Julie Morgenstern, Consultant

"The processes Bianca has built… should be industry standard.”

Jono Gasparro, Producer

"Bianca asks strategic questions and gives immediate results."

Brianna Allen, Artist

FAQs

What exactly is a sprint?

A sprint is a short, time-boxed period in which a team focused exclusively on one goal.

Design sprints are used to solve design problems and get feedback on ideas. Agile sprints are used to break large projects into smaller tasks. (The concept originated from the Agile project management philosophy, which—like Lean!—is an innovation with Japanese roots.)

A Solopreneur Sprint is a slightly more organic variation on a 5-day Design Sprint designed for two people. (Me and you.)

How I got into sprints

As a simple creative who acquired my first personal computing device in college, I knew nothing about sprints until five years into my solopreneur journey.

I was designing brand identities and websites for small businesses and was perpetually trying to find ways to be both more generative/creative and more focused/efficient during projects.

In 2018 I casually picked up the book Sprint by Jake Knapp, which describes a 5-day process he uses with companies to pinpoint any problem and prototype a solution.
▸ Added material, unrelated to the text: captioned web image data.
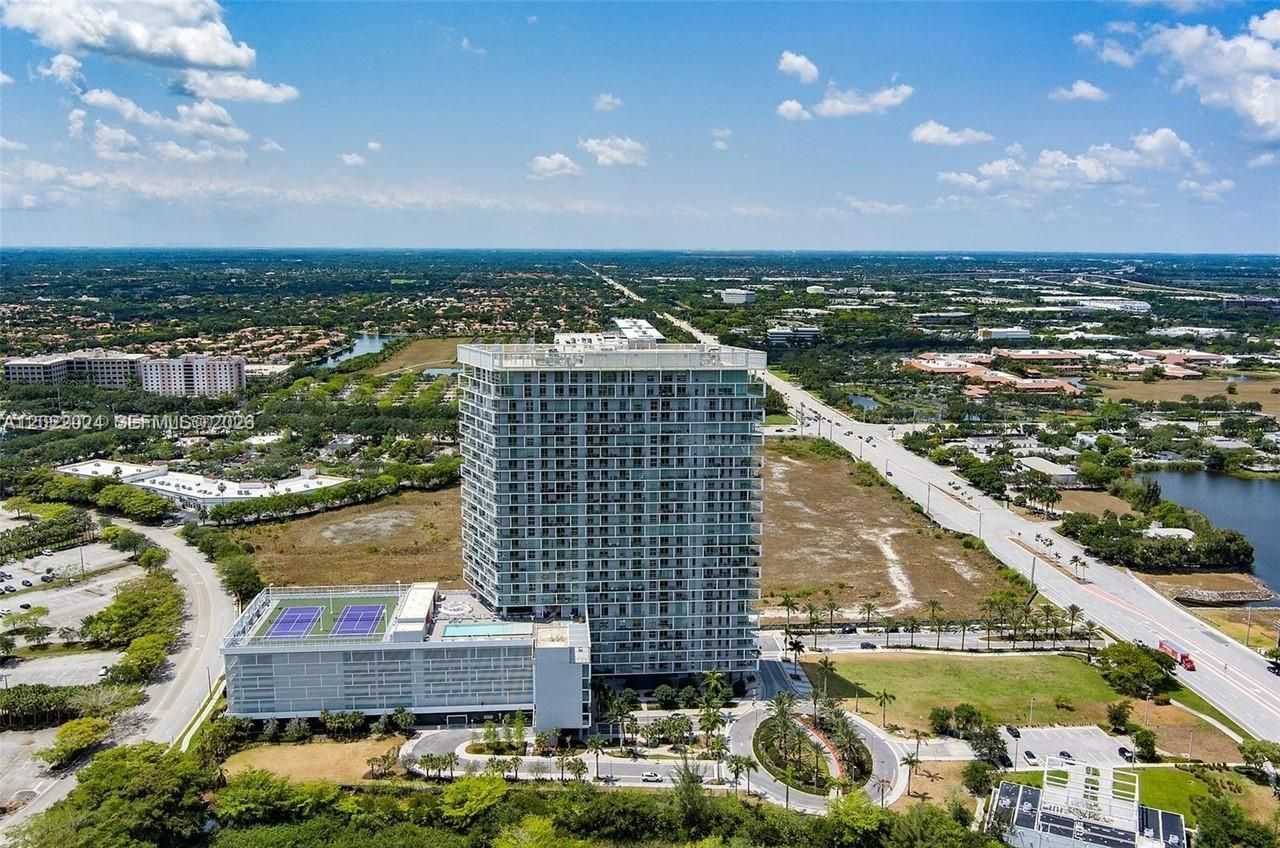 2000 Metropica Way, Unit 2202, Sunrise, FL 33323 Photo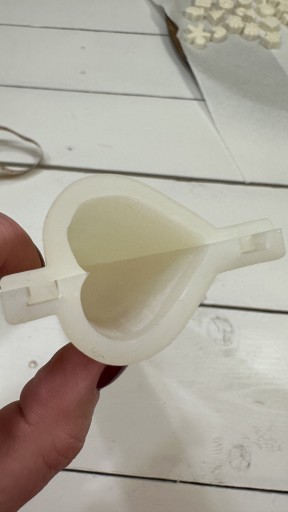 Zdjęcie oferty: Forma tuba silikonowa mydło serce żywica 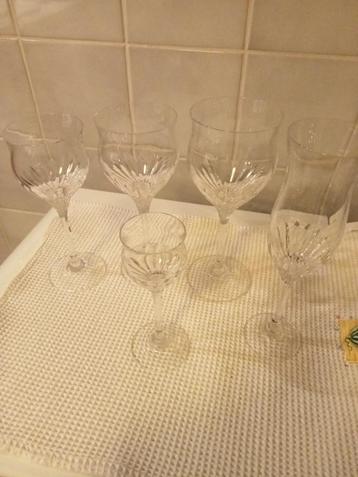 lot de 59 verres à pied en cristal + carafe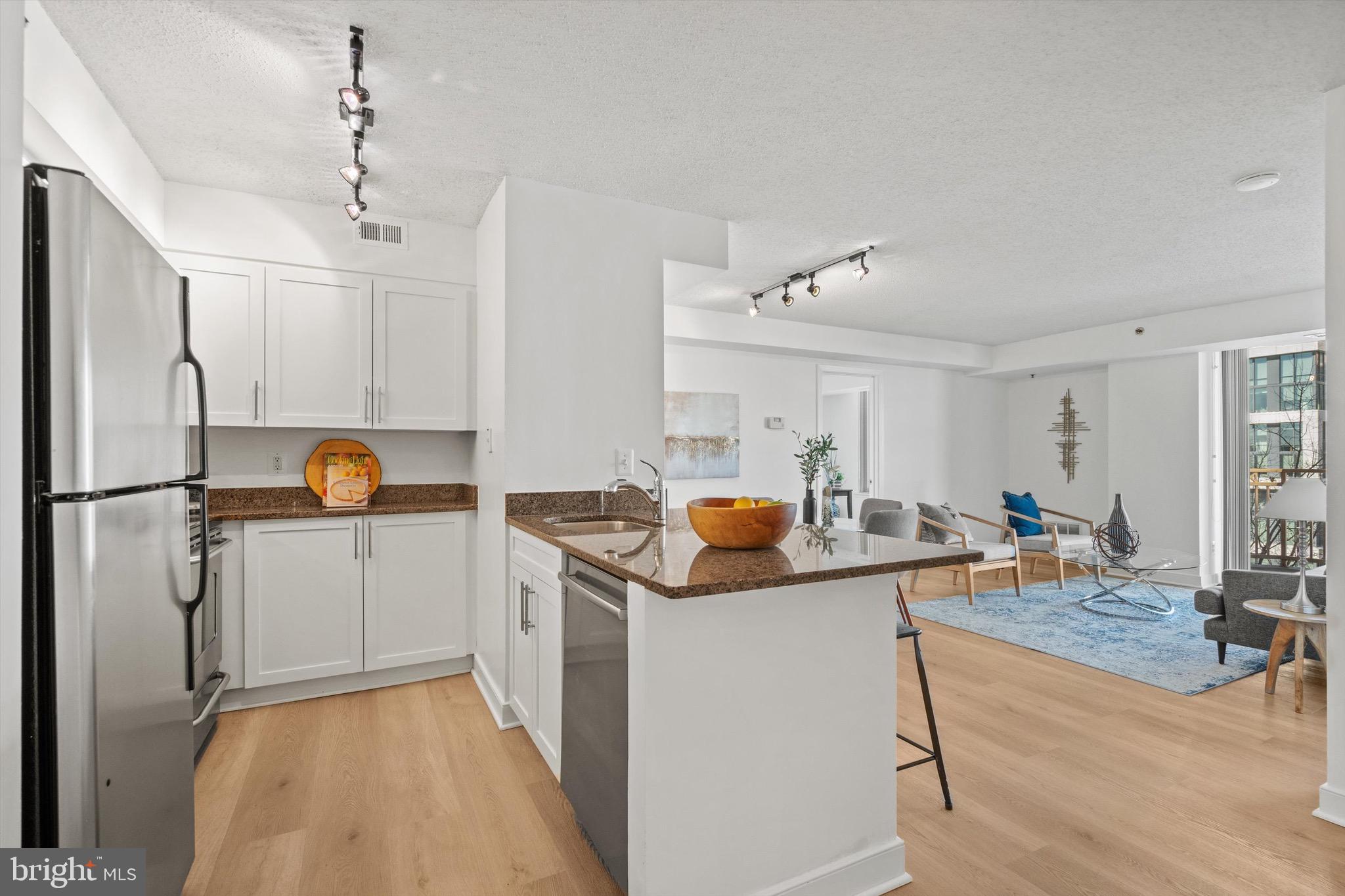 7500 Woodmont Ave #S816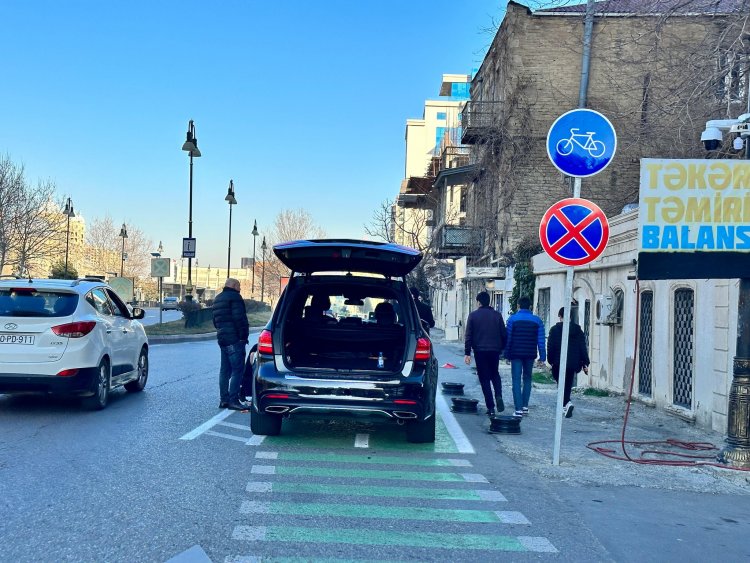 Velosiped zolağı avtomobillərin təmir meydançasına çevrilib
I was fascinated.

I immediately started testing and adapting Knapp’s method to client projects. My sprint projects were consistently both more fun and effective than other engagements.
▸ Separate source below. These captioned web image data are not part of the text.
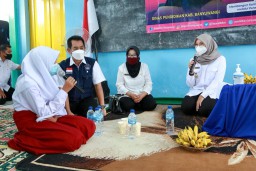 Mengintip Aktivitas Bupati Ipuk saat Berkantor di Desa Kajarharjo, Banyuwangi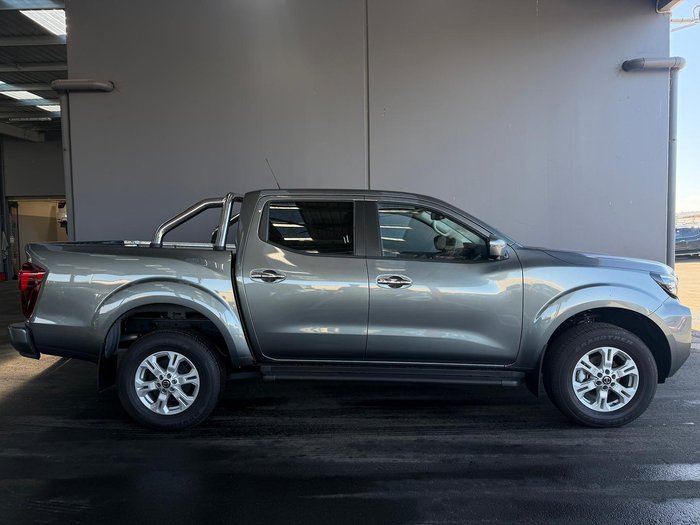2025 Nissan Navara ST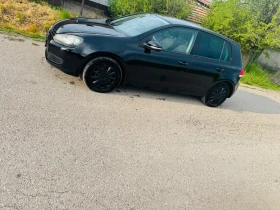 VW Golf 1.6 105k със сервизна история Топ състояние , снимка 2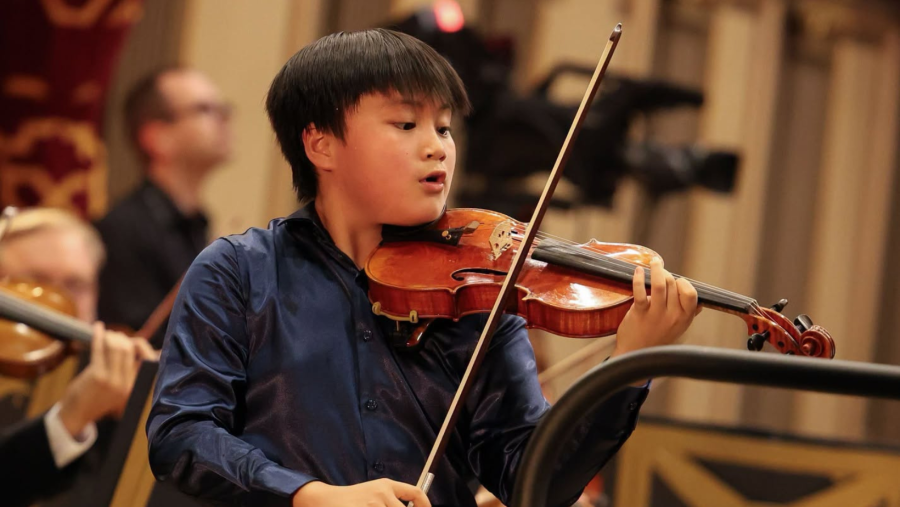 La doar 11 ani, violonistul Jayden King a câștigat Premiul I al Secțiunii Vioară la Concursul Internațional George Enescu 2026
Over time, I phased out all other project types (and have developed an allergy to hourly work—a story for another time). I now split my “work” time between playfully open-ended conversations and joyfully focused sprints.

Why do a sprint?

Launching any project solo comes with common challenges, including uncertainty, skill gaps and limited brainpower.
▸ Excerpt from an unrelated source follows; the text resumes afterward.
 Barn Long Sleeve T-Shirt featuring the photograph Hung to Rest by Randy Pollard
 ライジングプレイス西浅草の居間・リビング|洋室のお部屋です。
Sprints provide just enough structure at just the right time to create momentum, foster creativity, and make meaningful progress.

Long answer…

What makes solo entrepreneurship really hard:

  • Uncertainty: Doing something new is by nature ambiguous and open-ended, but our brains learn and operate best with a 85% certainty of success. Facing huge amounts of uncertainty can create internal friction that hinders the kind of risk-taking and problem-solving we need to move forward with limited data.
  • Skill gaps: There simply isn’t enough time in one lifetime to learn everything you need to know to make a whole business work. How you budget your attention is among the most important decisions you can make.
  • Limited brainpower: Executing tasks and switching contexts take up energy, and a solopreneur must take on dozens of challenges across domains at any given time. The freedom to follow your vision comes with the burden of responsibility to carry every aspect of it out, which taxes our creativity and energy.

Why sprints help:

  • Sprints foster creativity. While some constraints kill creativity, multiple studies suggest that we are significantly more innovative with the right constraints. By focusing on one problem and setting time limits on solutions, sprints enable you to have more ideas, choose the best idea, and test it faster—while learning more in the process.
  • Sprints double brainpower and halve friction. Our brains need a variety of inputs, social supports, and feedback loops to work well. By approaching your problem as a structured process with a collaborator, you spend less time wondering what to do next and more time getting inspired, challenged and focused.
  • Sprints focus your energy on the right thing at the right time. By honing in on one key problem and being fully present at each step of solving it, you can gain the clarity and momentum to move forward fast.
Can I do a sprint on my own?

Of course! But it’s better with a collaborator ;)

Long answer…

While I believe part of the magic of sprints lies in its collaborative nature, I’m interested in adapting them for different needs. To that end, I’ve created a course that guides you through a DIY brand & website sprint. I’m also working guides you can use with another collaborator (or even an AI assistant).